Another essential fact of this scriptural story is that it’s millennia older than the bible. As is much of biblical content, the story of Noah was plagiarized from older scripture and incorporated into the Old Testament. In fact, the original flood story, or at least the earliest version available to humanity as it might have begun as oral tradition, is found in Tablet XI of The Epic of Gilgamesh, a Sumerian scripture that provided much of the basis for the Bible. The flood story was written 6,000 years before the Old Testament and if you read the history of The Epic of Gilgamesh, you’ll see parallels to the bible, i.e., all the ways in which the bible plagiarizes The Epic of Gilgamesh.

From this fact, and it’s a fact that can be demonstrated by reading The Epic of Gilgamesh and learning about its history, we know that the flood is unlikely to be a true story, particularly in the current form in which Abrahamics read and disseminate it.
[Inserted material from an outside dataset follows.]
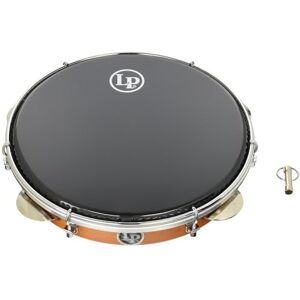 Latin Percussion LP LP3010 Pandeiro Brésilien 10" Peau Noir synthétique - Publicité Latin Percussion LP LP3010 Pandeiro Brésilien 10" Peau Noir synthétique - Publicité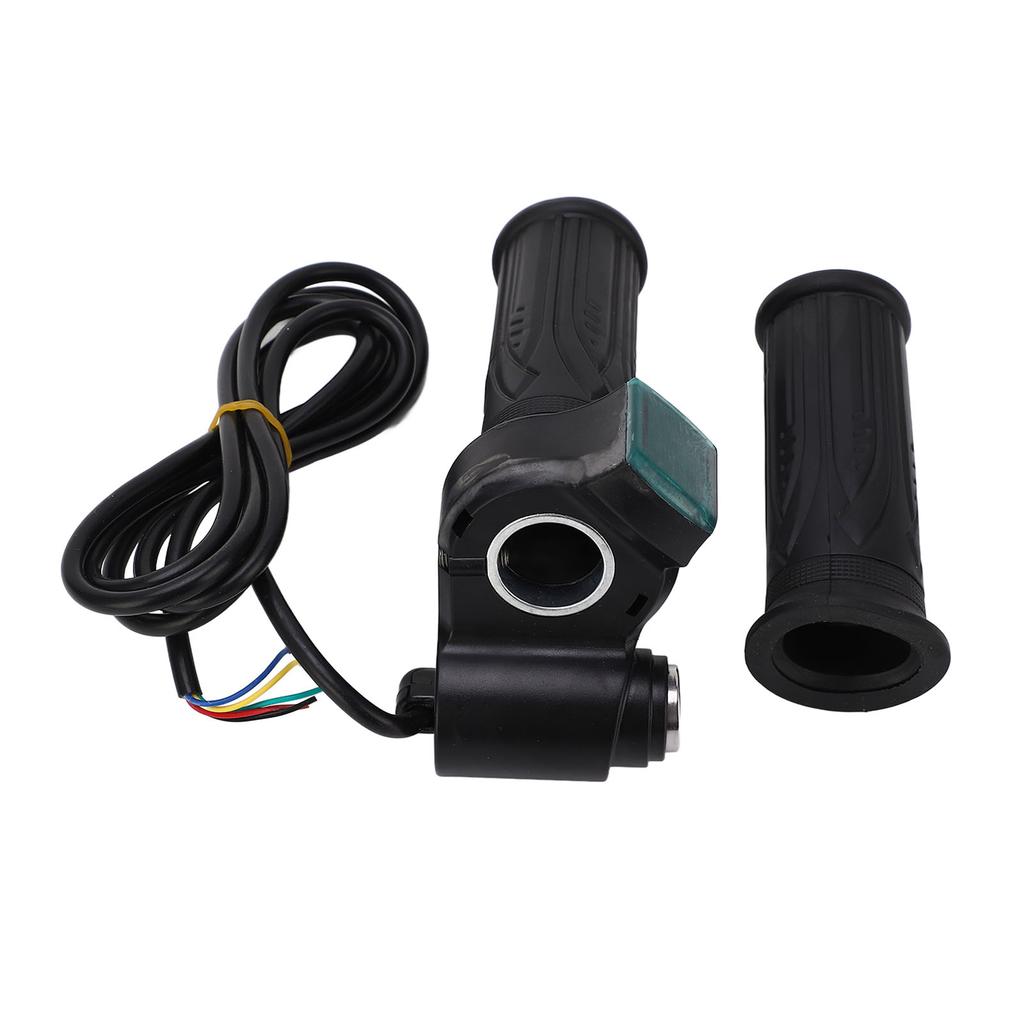 Bike Motor Controller Kit 48V 350W Power Display Multiple Protection Brush Motor Controller with Throttles for DIY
We know (and can demonstrate!) that biodiversity is far too grand to have been encompassed by one small boat tended to by one man and his family, and we know that this is, distastefully, the second time after the creation myth in scripture that the god of the Old Testament has used incest to repopulate the earth. If Noah’s family is the only human population left, they must by default breed with each other, which would’ve left no genetic diversity at all and therefore not allowed the species to continue. Again, genetics can be tested and demonstrated. The flood story cannot. It can, however, be found in other scriptures that Abrahamics would call false and untrue.

How is this possible? Easily! It’s possible through faith: one must only want it to be true, regardless of its origins, and therefore it is. Never mind that the earth doesn’t show any effects of a worldwide flood, that the fossil record doesn’t display it, that other cultures alive and thriving at the time don’t mention it. None of that is relevant to faith: the story is true because they want it to be.

This is, for most believers, the extent of their reasoning on the subject.

They’ll apply the scientific method to every other truth claim in existence, but their faith mustn’t be examined. It’s too deeply tied to their emotional stability, and many believers wouldn’t be able to function normally in the absence of their emotional attachment to their religion. These are the ones who get particularly hysterical when you challenge the ideas to which they’re emotionally attached.

They’ll disregard the scientific method which they use so fervently everywhere else, when it comes to their comfort zone.